The probability that favorite overperforms is around 50%. The probability that the score ends exactly as predicted is around 3%, and the probability that the favorite underperforms is around 47%.

(c) Make a new variable that is equal to ActualPoints minus Predicted Points. Create a histogram that shows the distribution of this variable and briefly describe what you see.

#Compute points Delta
bball$points.delta <- bball$ActualPoints - bball$PredictedPoints
#If this is 0 the predicted points was exactly the same as the actual difference
#If this is positive, actual points margin was larger than predicted points: game was relatively high scoring
#If this is negative, actual points was smaller than predicted points: game was relatively low scoring

hist(bball$points.delta, main="Distribution of Total Points Delta", 
     xlab="Actual Total Points minus Predicted Total Points")

#

Slightly more outcomes are smaller than 0, which suggests that more often the game is relatively low scoring compared to expectations.

(d) Let \(O\) represent the event that more combined points were scored than expected, \(T\) represent the event that the combined points scored were exactly the number expected, and \(U\) represent the event that fewer combined points were scored than expected. Make new variables indicating whether these events occurred in each game and use these variables to calculate within the sample \(P(O)\), \(P(T)\), and \(P(U)\).

#Actual greater than predicted means a negative delta:
bball$O <- bball$points.delta>0
#Equal
bball$T <- bball$points.delta==0
#Predicted greater than actual means positive delta
bball$U <- bball$points.delta<0

#P(overscore)
mean(bball$O)
#> [1] 0.3858921
#P(on exp)
mean(bball$T)
#> [1] 0.04149378
#P(underscore)
mean(bball$U)
#> [1] 0.5726141

Around 39% of the time more points are scored in the game then what was expected. Approximately 4% of the time the final score is exactly what was predicted (that’s weird). And approximately 57% of the time there are less points scored than expected.

(e) Using the conditional probability formula discussed in lecture, calculate within the sample \(P(W \mid U)\), \(P(L \mid U)\), \(P(W \mid O)\), \(P(L \mid O)\).

#Conditional probability is P(A|B) = P(A&B)/P(B)

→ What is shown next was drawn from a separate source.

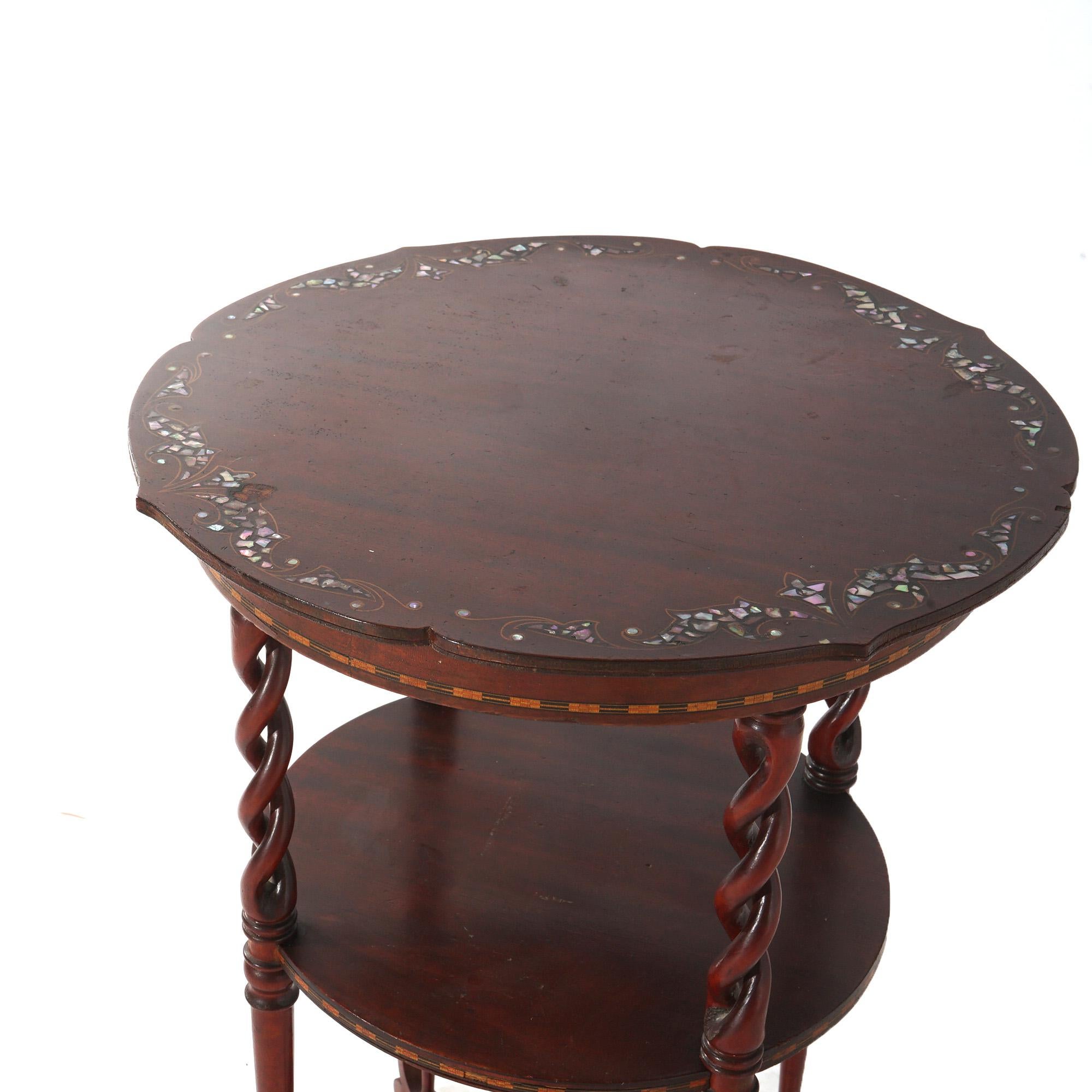 Madreperla Antico supporto in mogano Art Nouveau con intarsio in madreperla C1920 in vendita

#P(W|U), the probability of favorite overperformance in a low scoring game
mean(bball$W & bball$U)/mean(bball$U)
#> [1] 0.557971
#The probability of overperformance in a low scoreing game is 56%

#P(L|U), the probability of favorite underperformance in a low scoring game
mean(bball$L & bball$U)/mean(bball$U)
#> [1] 0.4057971
#The probability of overperformance in a low scoreing game is 40.5%


#P(W|O), the probability of favorite overperformance in a high scoring game
mean(bball$W & bball$O)/mean(bball$O)
#> [1] 0.4301075
#The probability of overperformance in a low scoreing game is 43%

#P(L|O), the probability of favorite underperformance in a high scoring game
mean(bball$L & bball$O)/mean(bball$O)
#> [1] 0.5483871
#The probability of overperformance in a low scoreing game is 54.9%

(f) In two or three sentences: what is your conclusion about my theory?

The theory is that favorites will be more likely to overperform in low scoring games and underperform in high scoring games.

This theory is borne out by the data.

Conditional on a game being low scoring favorites overperform around 56% of the time.

Conditional on a game being high scoring favorites overperform only 43% of the time.